----- Given information -----
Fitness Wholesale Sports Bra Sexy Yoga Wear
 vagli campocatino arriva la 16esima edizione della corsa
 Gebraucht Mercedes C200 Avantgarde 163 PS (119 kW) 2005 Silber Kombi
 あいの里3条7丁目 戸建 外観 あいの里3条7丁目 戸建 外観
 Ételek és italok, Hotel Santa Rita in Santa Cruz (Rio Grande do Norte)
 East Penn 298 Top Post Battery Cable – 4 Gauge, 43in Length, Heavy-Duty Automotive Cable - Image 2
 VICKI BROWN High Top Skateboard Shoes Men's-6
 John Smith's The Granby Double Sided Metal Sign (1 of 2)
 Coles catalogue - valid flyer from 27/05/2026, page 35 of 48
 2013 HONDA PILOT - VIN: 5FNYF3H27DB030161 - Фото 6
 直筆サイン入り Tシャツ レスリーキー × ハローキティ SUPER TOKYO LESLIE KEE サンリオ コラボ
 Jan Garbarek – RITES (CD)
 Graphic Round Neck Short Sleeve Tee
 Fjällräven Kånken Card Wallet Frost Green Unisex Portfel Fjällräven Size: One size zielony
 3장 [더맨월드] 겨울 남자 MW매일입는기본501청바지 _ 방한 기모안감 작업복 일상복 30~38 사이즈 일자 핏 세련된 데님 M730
-----
Your task:
Starting with the first line of the entries, transcribe every line up to and including the one with "John Smith's The".

Solution for this problem:
Fitness Wholesale Sports Bra Sexy Yoga Wear
 vagli campocatino arriva la 16esima edizione della corsa
 Gebraucht Mercedes C200 Avantgarde 163 PS (119 kW) 2005 Silber Kombi
 あいの里3条7丁目 戸建 外観 あいの里3条7丁目 戸建 外観
 Ételek és italok, Hotel Santa Rita in Santa Cruz (Rio Grande do Norte)
 East Penn 298 Top Post Battery Cable – 4 Gauge, 43in Length, Heavy-Duty Automotive Cable - Image 2
 VICKI BROWN High Top Skateboard Shoes Men's-6
 John Smith's The Granby Double Sided Metal Sign (1 of 2)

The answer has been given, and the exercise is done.